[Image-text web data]
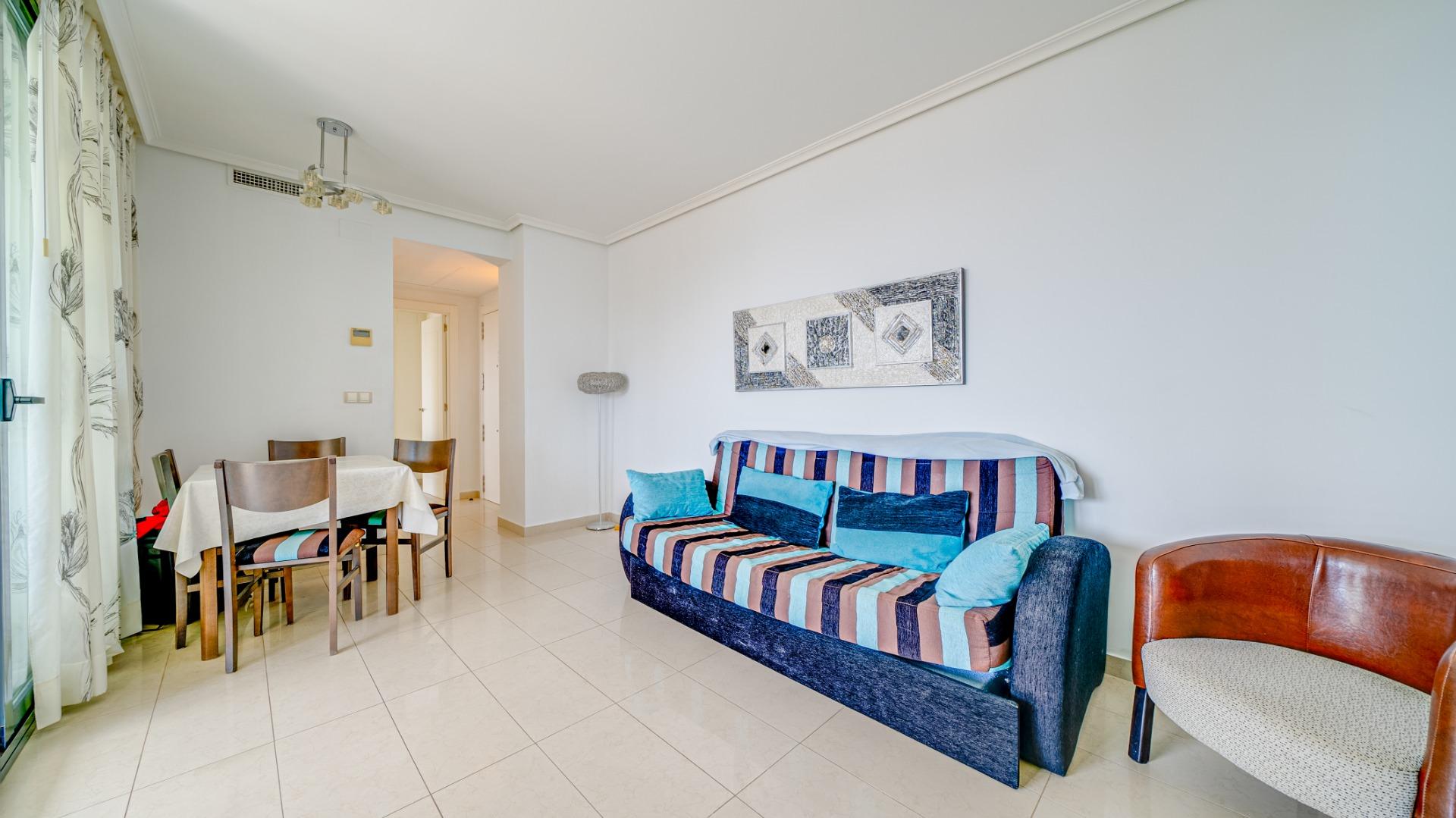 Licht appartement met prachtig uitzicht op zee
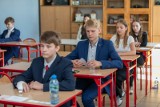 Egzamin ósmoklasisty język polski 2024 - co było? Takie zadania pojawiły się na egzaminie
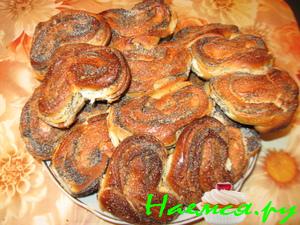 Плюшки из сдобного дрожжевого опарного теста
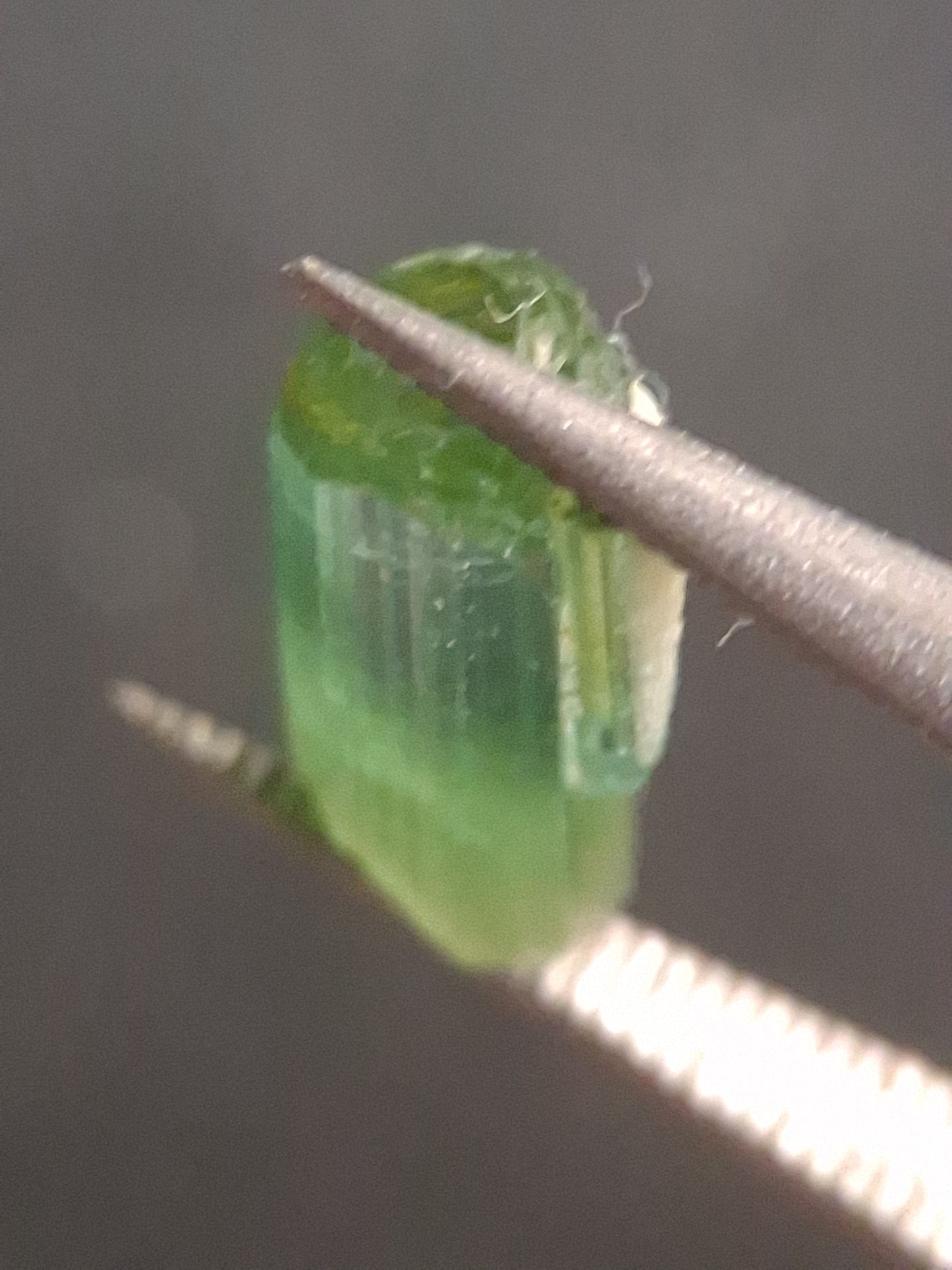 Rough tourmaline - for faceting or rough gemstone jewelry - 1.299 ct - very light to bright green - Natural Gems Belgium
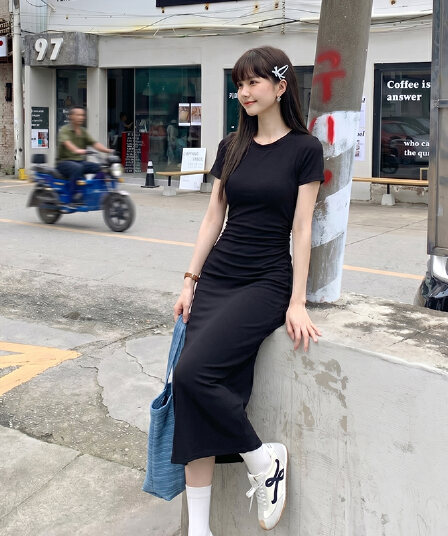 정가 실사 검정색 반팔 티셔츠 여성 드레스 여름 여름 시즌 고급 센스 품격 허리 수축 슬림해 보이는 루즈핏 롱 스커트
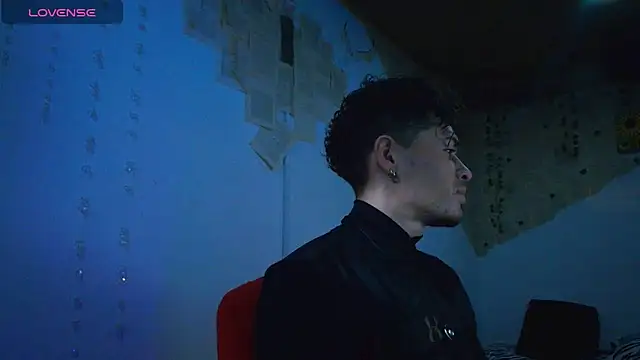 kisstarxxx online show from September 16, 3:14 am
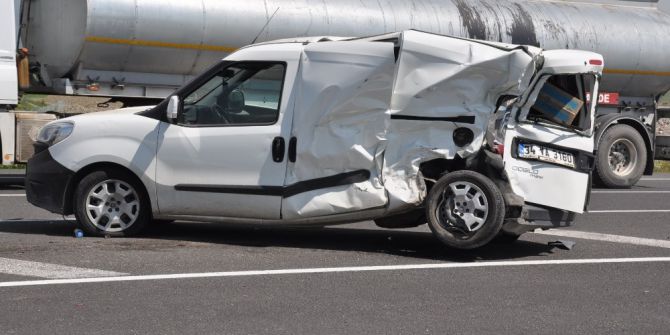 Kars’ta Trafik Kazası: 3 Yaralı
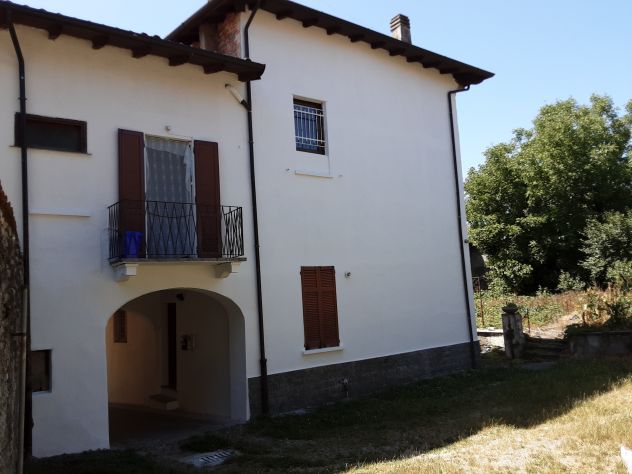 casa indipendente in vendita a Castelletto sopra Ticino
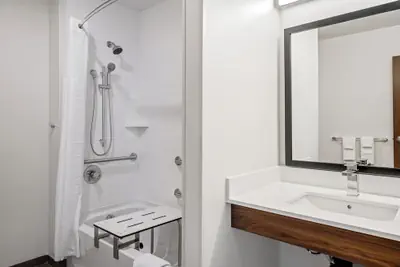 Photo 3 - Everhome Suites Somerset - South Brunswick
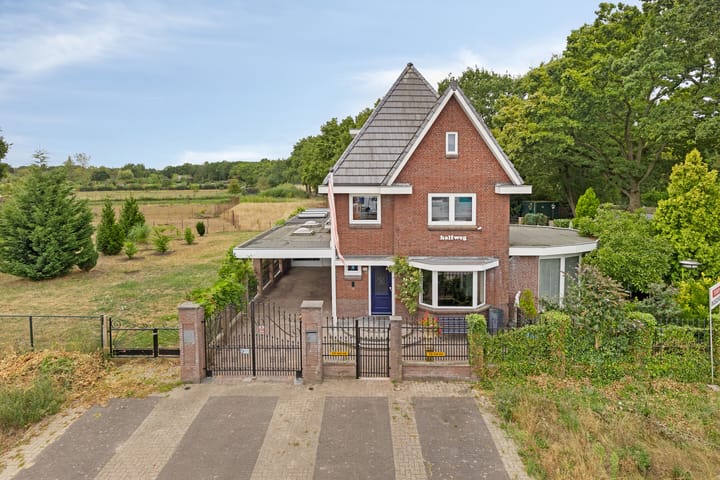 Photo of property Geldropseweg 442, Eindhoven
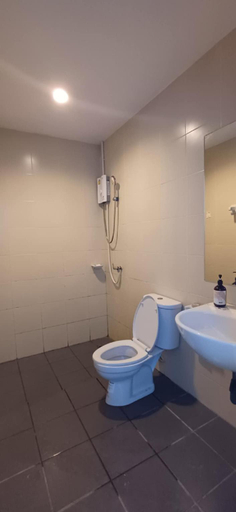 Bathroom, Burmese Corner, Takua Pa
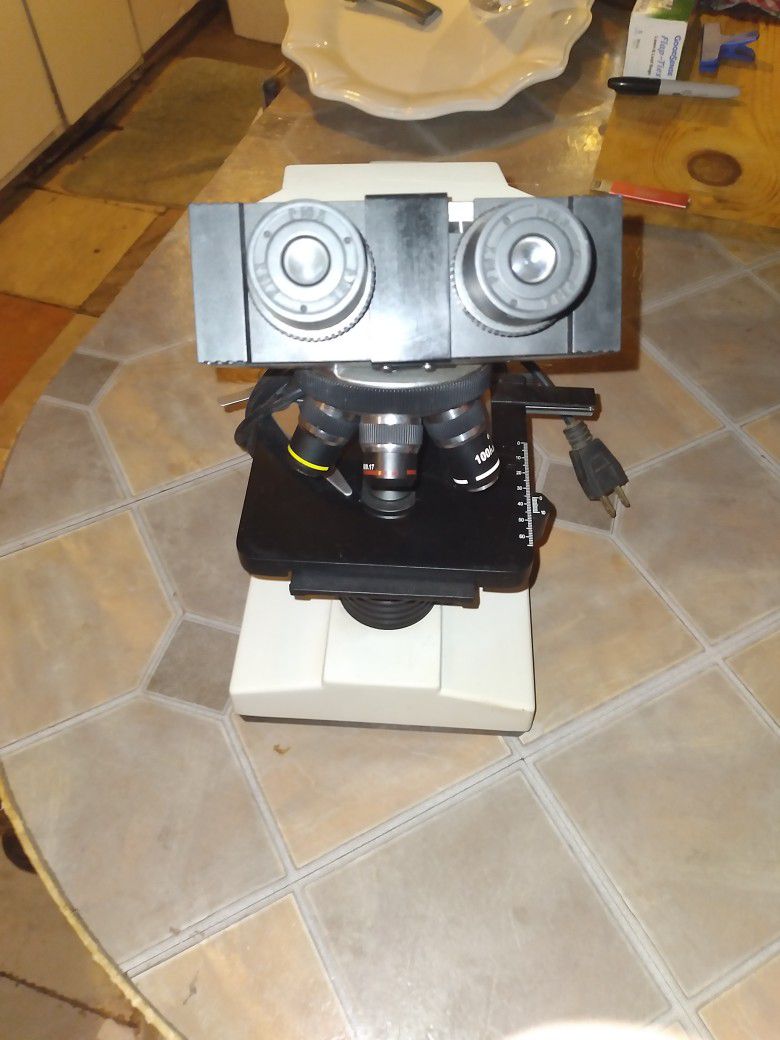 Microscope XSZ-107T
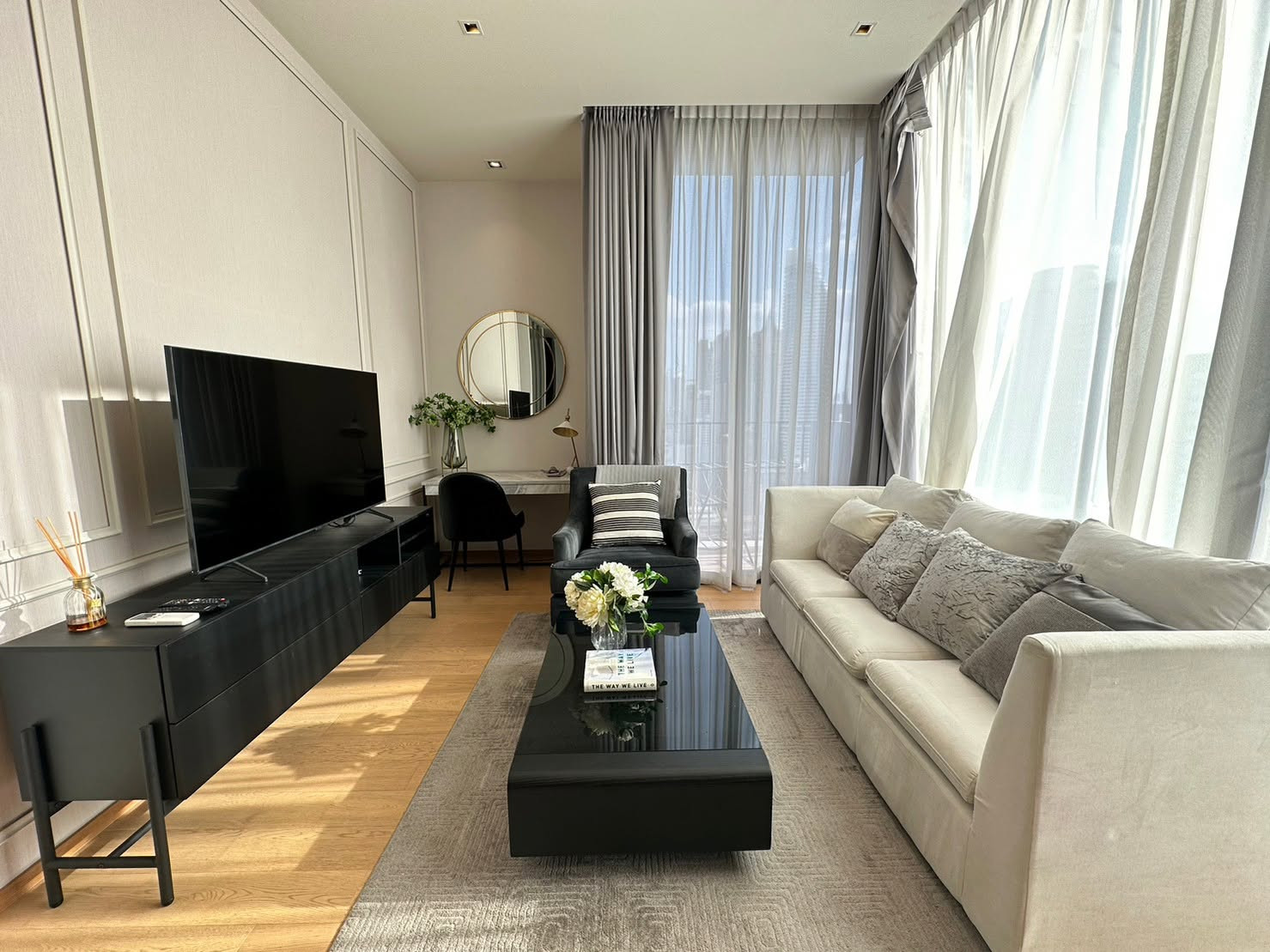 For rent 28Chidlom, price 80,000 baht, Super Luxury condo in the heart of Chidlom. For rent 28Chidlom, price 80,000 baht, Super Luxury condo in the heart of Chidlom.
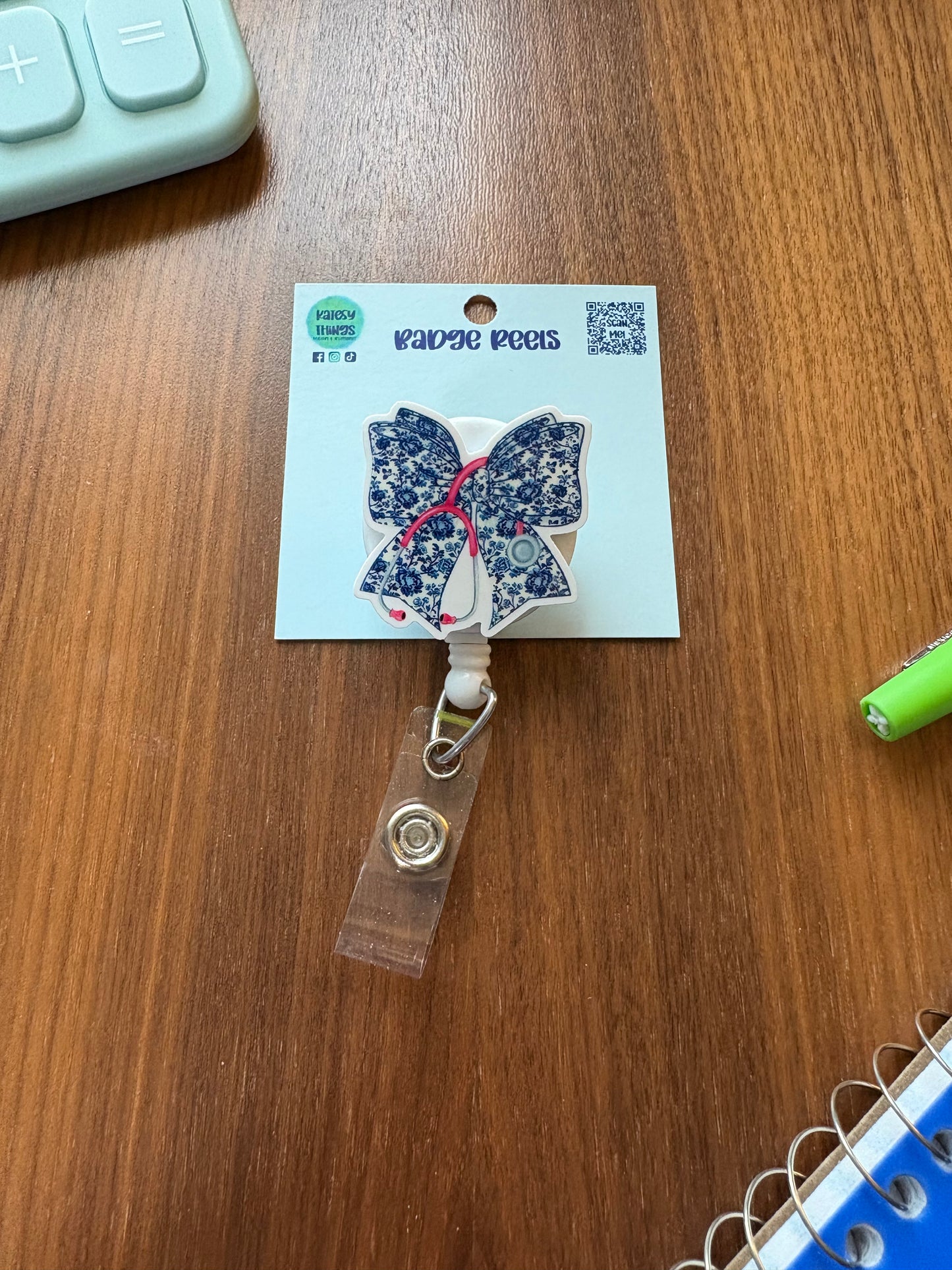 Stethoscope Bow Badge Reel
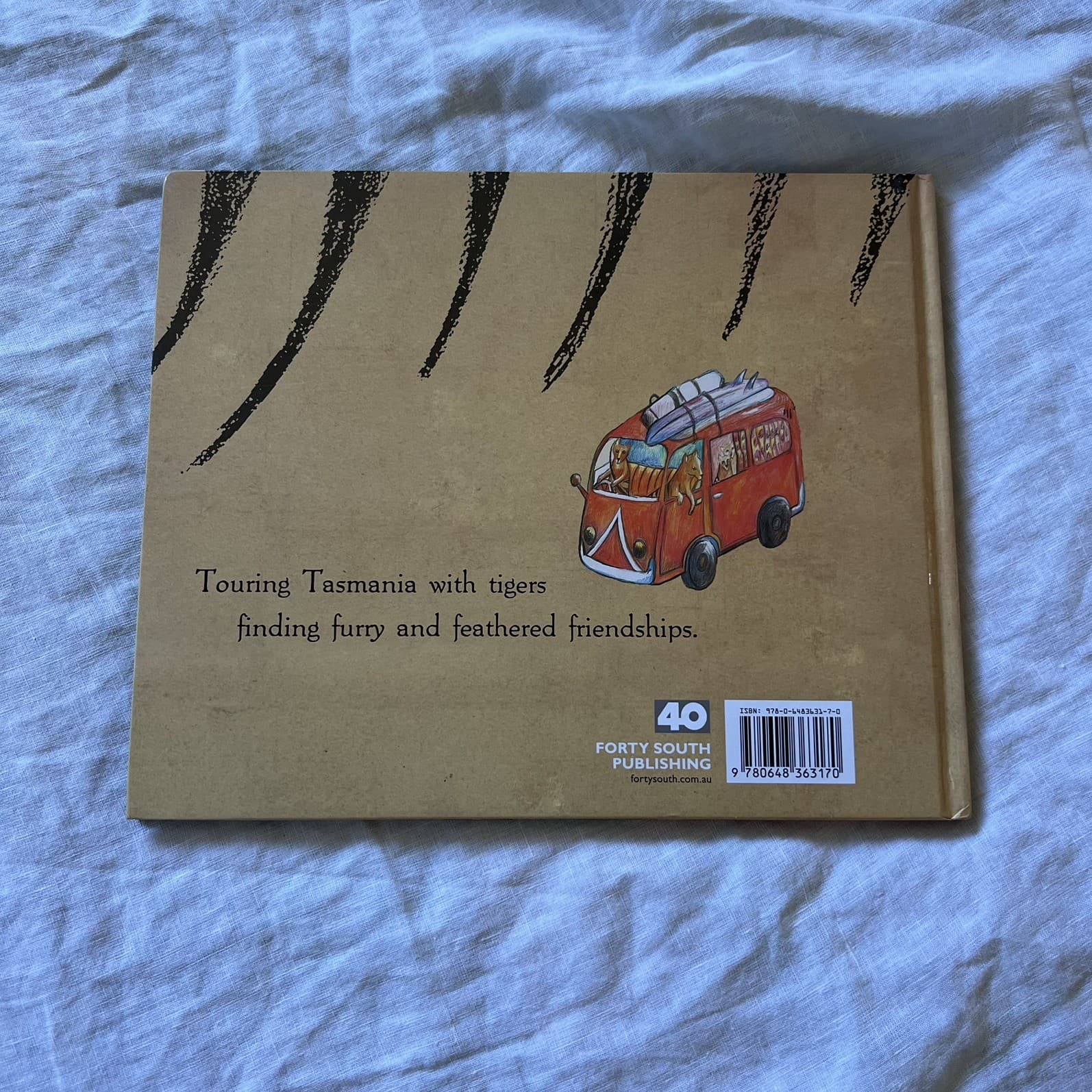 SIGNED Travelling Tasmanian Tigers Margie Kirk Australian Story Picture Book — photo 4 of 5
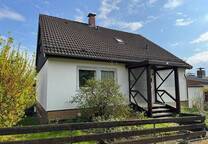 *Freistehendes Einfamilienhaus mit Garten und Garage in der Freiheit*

__Exercise description__. What you write should match the entries exactly, except that the pictures are dropped.

__Task solution__.
 Licht appartement met prachtig uitzicht op zee
 Egzamin ósmoklasisty język polski 2024 - co było? Takie zadania pojawiły się na egzaminie
 Плюшки из сдобного дрожжевого опарного теста
 Rough tourmaline - for faceting or rough gemstone jewelry - 1.299 ct - very light to bright green - Natural Gems Belgium
 정가 실사 검정색 반팔 티셔츠 여성 드레스 여름 여름 시즌 고급 센스 품격 허리 수축 슬림해 보이는 루즈핏 롱 스커트
 kisstarxxx online show from September 16, 3:14 am
 Kars’ta Trafik Kazası: 3 Yaralı
 casa indipendente in vendita a Castelletto sopra Ticino
 Photo 3 - Everhome Suites Somerset - South Brunswick
 Photo of property Geldropseweg 442, Eindhoven
 Bathroom, Burmese Corner, Takua Pa
 Microscope XSZ-107T
 For rent 28Chidlom, price 80,000 baht, Super Luxury condo in the heart of Chidlom. For rent 28Chidlom, price 80,000 baht, Super Luxury condo in the heart of Chidlom.
 Stethoscope Bow Badge Reel
 SIGNED Travelling Tasmanian Tigers Margie Kirk Australian Story Picture Book — photo 4 of 5
 *Freistehendes Einfamilienhaus mit Garten und Garage in der Freiheit*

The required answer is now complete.